ASYMMETRIC FABRY-PEROT MODULATORS

Several groups in the early and mid-1990’s developed asymmetric Fabry-Perot modulators (AFPMs), generally in this AlGaAs/GaAs same material system [6-11]. Normally, the goal was to lower the voltage drive while improving the contrast ratio.  As such, peak contrast ratios greater than 20 dB (100:1) were observed [6, 7].   Most modulators that have claimed “low voltage operation” in the literature refer to a voltage drive 4 V or greater.  These low voltage designs also have quite small wavelength ranges, sometimes a fraction of a nanometer (e.g. [6]).  Perhaps the best result in the literature is the modulator of Yan et al. [9].  This device used only 2 V drive to achieve a contrast ratio of 3 dB over 5 nm, with a peak contrast of 7 dB (5:1).   Theoretical studies also looked at optimizing these modulators [12-15].

While these results are quite impressive in many regards, our goals were slightly different.  For short distance optical interconnects, it makes more sense to achieve decent contrast ratio over a wide range of wavelengths than to post an extremely high contrast ratio for a small range of wavelengths, as discussed in Chapter 3.  Furthermore, since the epitaxial growth techniques are complicated and expensive, a simpler, thinner epitaxial structure would be more practical and less costly in both time and dollars.  Finally, the thickness of a layer in an epitaxial structure cannot be perfectly determined during the growth.   Variations in conditions, especially temperature, cause variations in thickness and composition that can easily alter the absorption characteristics of the MQW region by several nanometers in wavelength.  Thus we were faced with the challenge of developing both a mathematical handle on a simple AFPM and a practical post-growth experimental technique for adjusting to growth variations.
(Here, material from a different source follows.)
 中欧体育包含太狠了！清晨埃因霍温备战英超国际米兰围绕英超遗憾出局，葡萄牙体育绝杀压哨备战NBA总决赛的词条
TRANSFER MATRIX METHOD MODELING

Though this simple analytical solution is intuitively satisfying, in practice a computer simulation proved useful in order to vary several factors simultaneously, such as layer structure, wavelength, voltage, thickness, and refractive index.  The simulation needed to model a 1D stack of materials, representing all the refractive indices and absorptions as complex indices, and solving Maxwell’s Equations.  One of the most time- efficient techniques for solving this problem is called the transfer matrix method.

In the transfer matrix method, a matrix is composed for each layer and each interface, according to the rules for electromagnetic waves in dielectric media according to Maxwell’s equations.  The propagation of the wave and the continuity of the various vector quantities at boundaries can be represented by these matrices.   By successively applying these matrices to each other, it becomes possible to determine not only the

reflection and transmission characteristics of the dielectric stack, but also the electric fields or intensities as a function of distance inside the stack [17].
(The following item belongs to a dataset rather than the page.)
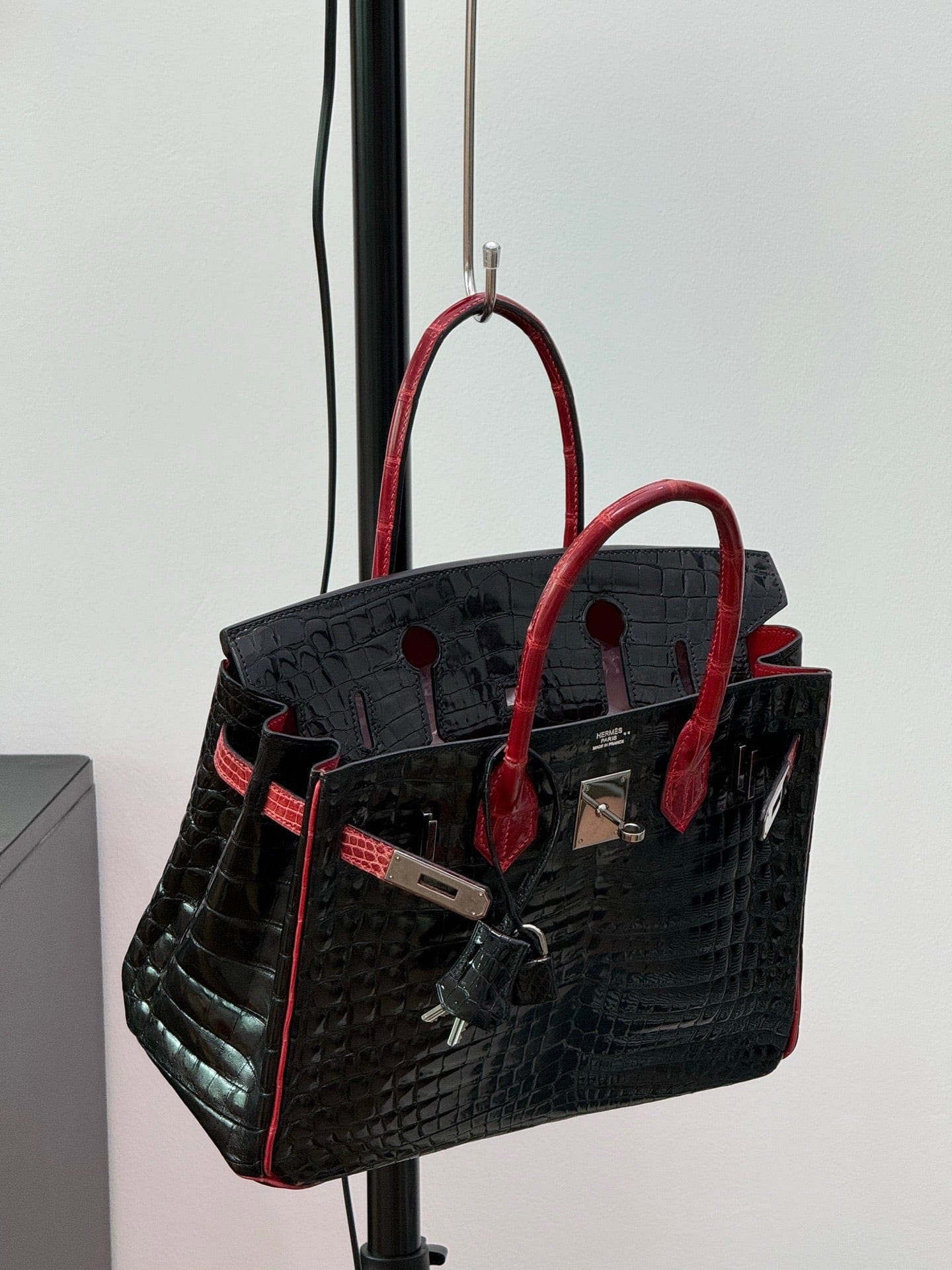 Iconn Boutique Hermès Birkin 30  Crocodile Leather - Stamp Square K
The software package MATLAB is optimized for matrix manipulation, so many calculations can be done in sequence, enabling optimization routines that run in real time. For example, the thickness of a particular layer can be altered between 100 and 200 nm in steps of only 1 nm, and the entire simulation can still finish in seconds.  Effects such as the Gaussian beam profile of the laser focus can also be included by superposing plane

waves.

For the refractive indices, published values were typically used where available, especially equations for interpolating the index for AlxGa1-xAs.  The MQW region was approximated as a bulk material with a complex index of refraction corresponding to its absorption, derived from the following experimental procedure.  First a p-i-n diode test structure was processed.  Then the device was inserted into our probe station setup and the photocurrent was measured as the voltage across the diode and the wavelength of an incident laser were varied.  Assuming that every photon subtracted from the optical beam corresponded exactly to one electron-hole pair collected electrically, the effective absorption coefficient of the MQW region can be calculated [1].  Then adjustments to the refractive index of the MQW region are derived via the Kramers-Kronig relations.  These steps result in data of the effective absorption coefficient and refractive index of the MQW region as a function of wavelength.  In the transfer matrix simulations, the MQW region was thus approximated as a quasi-bulk material with a complex refractive index that varied as a function of both wavelength and reverse bias.